At some point in my childhood I decided to Take Charge of my appearance. No more sweaty mud-stained corduroys. I began first with my hair.
For the formative years it was a straight (or slightly crooked) bowl cut. Standard fare for the late 70s and early 80s, like the saccharine and obnoxious redhead from Silver Spoons. (I think it was Danny Cooksey, who later transformed his heavy salad bowl into a professional mullet. But there was some other mop-headed brat. Come on Google…come ON!) Then I went to a Deutsch skinhead cut, which was great because you could wash your face AND your head with soap! No haircare products!
Then came gel. Oh, the possibilities. For a while I had my hair combed straight forward with spokes pointing out at perfect horizontal, as if a hurricane wind was at my back. Then came tall spikes, which took a lot of gel and/or mousse and invited fascinated touching by classmates. Sadly, not enough girl classmates. Spikes begat pancake skater cut begat a long period of peace and prosperity with a conservative side part. Too conservative. Side part begat short tousled devil-may-care look begat whatever I have today.
My early inspirations included a junior high history teacher, Mr. Micheaux. He never smiled and had a sculpted white flat top that had likely not changed since he came back from Da Nang. Or Inchon. Or Normandy. Or Gettysburg. His flattop was a thing of beauty, swooping up in the front like the prow of a cutter. I imagine if he rapped his head against a tree trunk, wood chips would go flying.
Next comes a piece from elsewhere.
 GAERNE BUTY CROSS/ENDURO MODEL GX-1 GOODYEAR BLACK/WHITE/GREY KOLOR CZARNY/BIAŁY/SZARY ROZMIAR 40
So why the constant change d’coiffure? What better way to divert the eye from the face! Well actually it was that it could be done. Not often did it enter my mind whether it should. So in a position unsuitable to pass judgment on anyone else’s hair choices, I’ll leave you with some of the finer examples of hirsute artistry of the past thirty years: sexy mane, business in front/party in back, microphone cap, political helmet, power helmet, I cut it all by myself, and emo sheepdog.